- **Try it**: With pictures left out, write out exactly every line from the start of the data through the one that contains "Nature's Way Red".

╔══

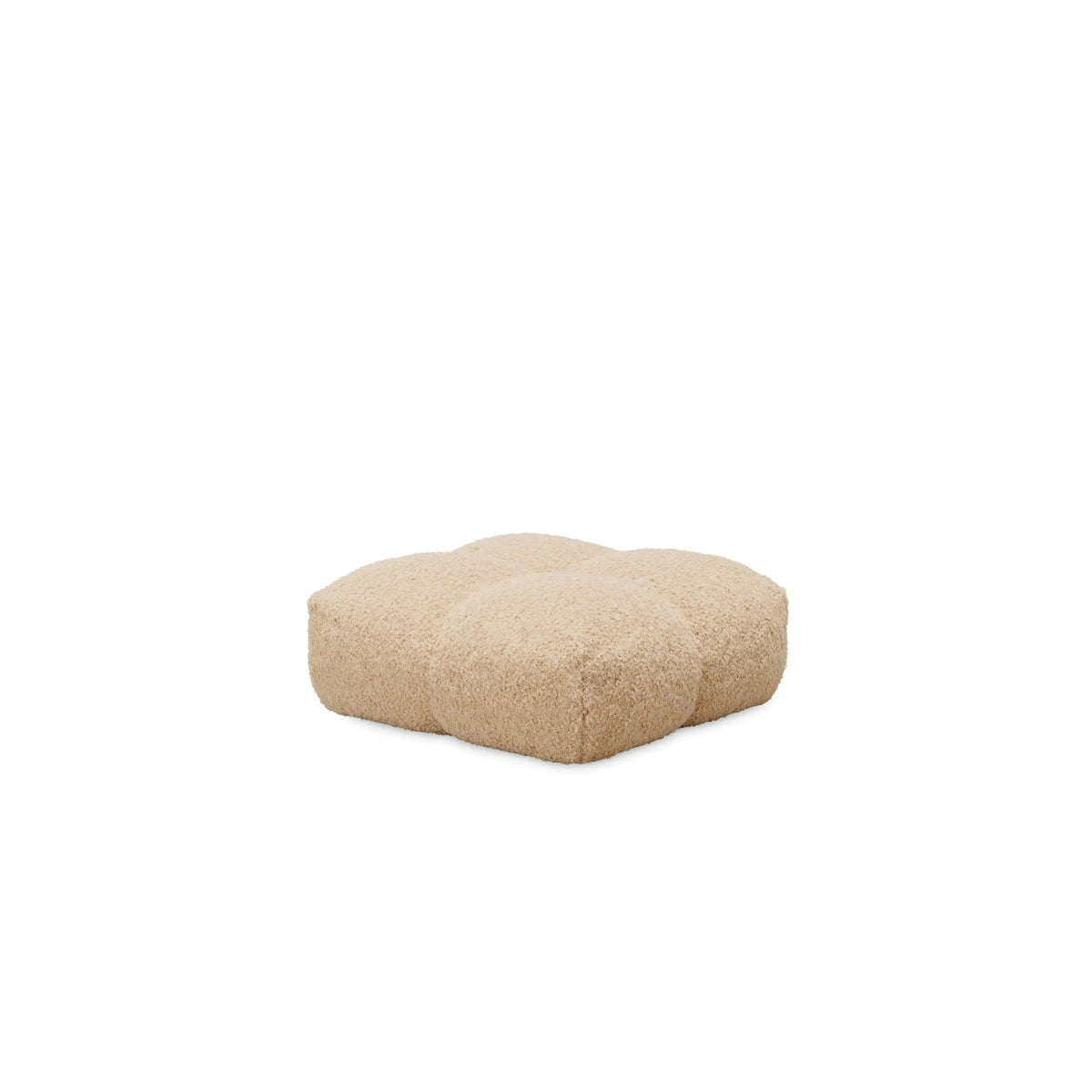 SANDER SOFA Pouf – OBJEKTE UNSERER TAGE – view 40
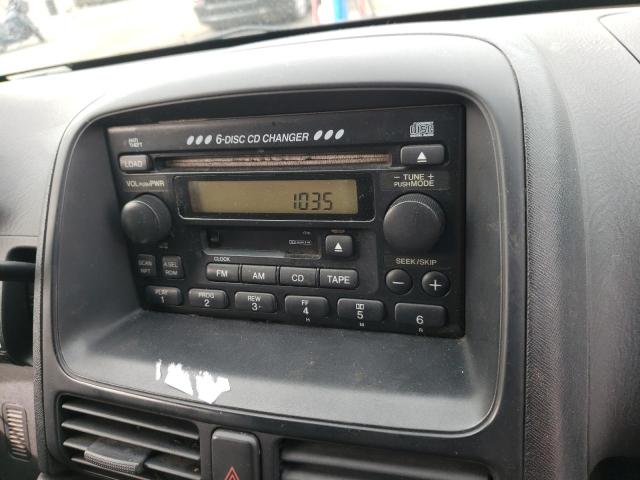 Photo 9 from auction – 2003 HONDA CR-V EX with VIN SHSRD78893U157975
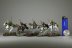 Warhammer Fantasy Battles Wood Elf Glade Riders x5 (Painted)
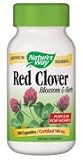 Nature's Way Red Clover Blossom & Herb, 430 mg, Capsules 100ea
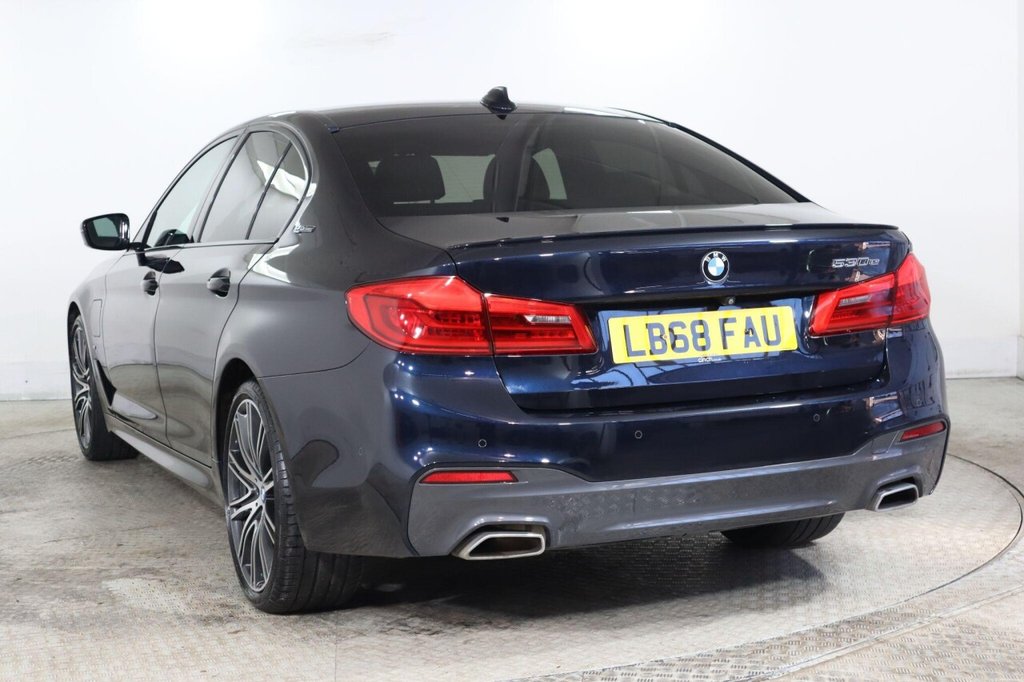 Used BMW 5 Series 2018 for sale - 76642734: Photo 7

╚══

- **Exercise result**:
 SANDER SOFA Pouf – OBJEKTE UNSERER TAGE – view 40
 Photo 9 from auction – 2003 HONDA CR-V EX with VIN SHSRD78893U157975
 Warhammer Fantasy Battles Wood Elf Glade Riders x5 (Painted)
 Nature's Way Red Clover Blossom & Herb, 430 mg, Capsules 100ea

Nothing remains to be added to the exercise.